Broadcom DSL modems are not supported by any open source OS, and that includes OpenWrt, no idea about WiFi, but probably also problematic.
I don't know if is is useful, but this is what I get on a Telekom VDSL with the same hardware and the same Firmware:
Data Rate: Down: 63.668 Mb/s / Up: 12.735 Mb/s
Line Attenuation (LATN): Down: 13.5 dB / Up: 13.1 dB
Signal Attenuation (SATN): Down: 13.5 dB / Up: 13.5 dB
Noise Margin (SNR): Down: 4.8 dB / Up: 25.6 dB
Aggregate Transmit Power (ACTATP): Down: 0.5 dB / Up: 8.3 dB
Max. Attainable Data Rate (ATTNDR): Down: 61.050 Mb/s / Up: 38.219 Mb/s
Line Uptime Seconds: 13645821
Line Uptime: 157d 22h 30m 21s
I pay for a 50/10 connection, thus I don't have much to complain about. If I look at the historical data, it seems that it was syncing at an higher max down rate initially and it stabilized to these values after a few reconnects and from what I can see it never tried to bump them up again. I don't remember if the higher data rates where with this firmware or another.

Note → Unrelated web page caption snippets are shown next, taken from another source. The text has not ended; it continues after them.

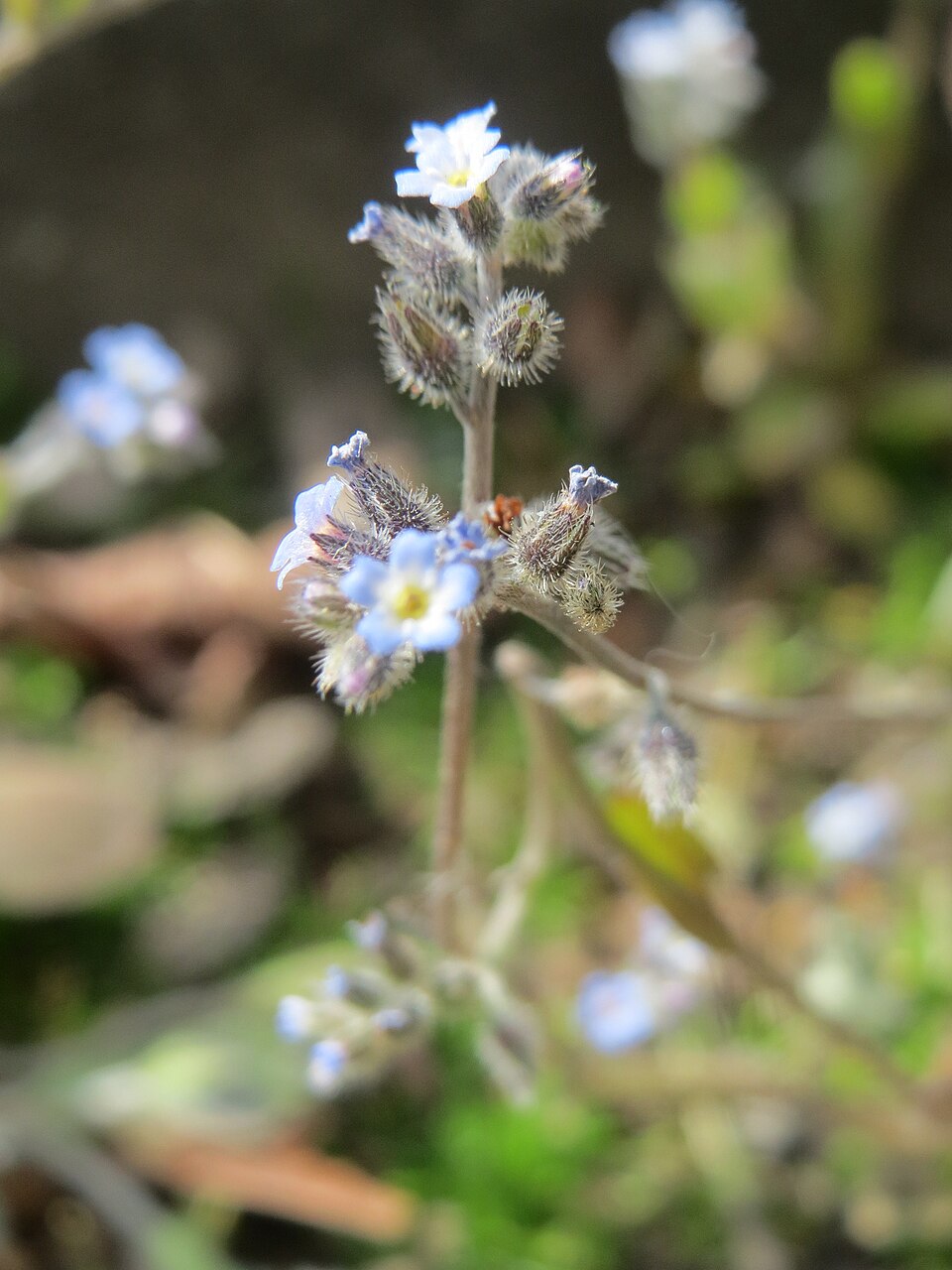 Myosotis ramosissima (Early Forget-me-not)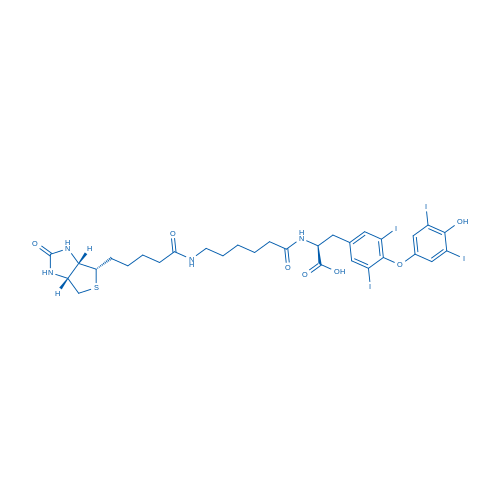 Biotin-hexanamide-(L-Thyroxine)
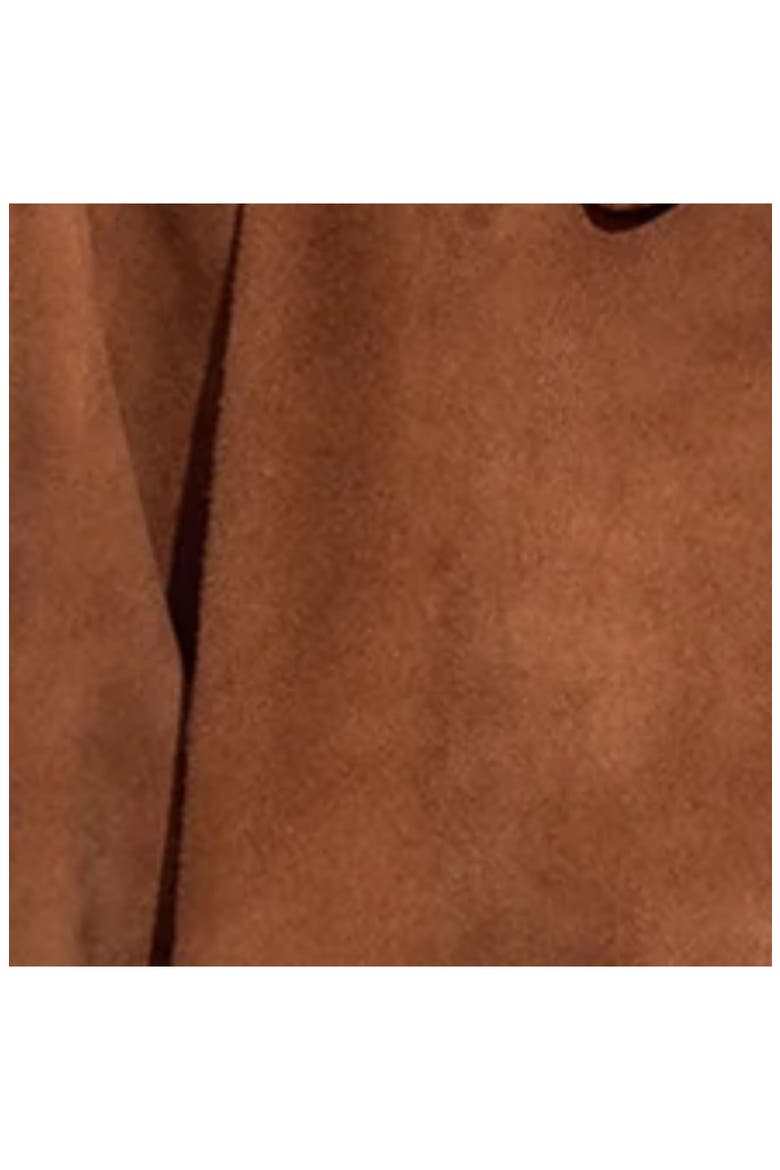 Studded Suede Cropped Jacket, Alternate, color, Brown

So when they introduced vectoring DT also tried to introduce "open profiles" that is they tried to configure all links to use (up to) the highest sync rates they allow (the exact numbers changed, but right now for profile 17a that would be something like 116/42? or so). It turned out that this was not working as well as hoped, so DT switched back to profiles tailored for the specific contract rates (50/10 in your case). BUT at the same time the German regulator also clarified that contract rates are to be interpreted as net TCP/IP goodput and ISPs started* to (over-)provision** plans such that the contract speed could actually be measured. And since there are also yearly reports about the level of "over-achievement/-provisioning" by ISPs, DT opted for generous sync corridors for a given contract rate, with your ~64/13 being close to the allowed maximum sync of the DSLAM/MSAN.
I would guess you might have looked at these values before and after the switching of the provisioned rates?
*) Well the DOCSIS ISPs traditionally configured enough gross speed so that end users actually could see the contracted speeds (and more) as goodput in speedtest results; IIRC this was based/codified in a CISCO note or whitepaper, but DSL ISPs tended to interpret contract speeds as gross rates....
**) Over-provisioning is one way of describing it, under-reporting is another way ;), but this is semantics as the consequence is that consumers git a slight speed increase without a price hike, so thanks EU!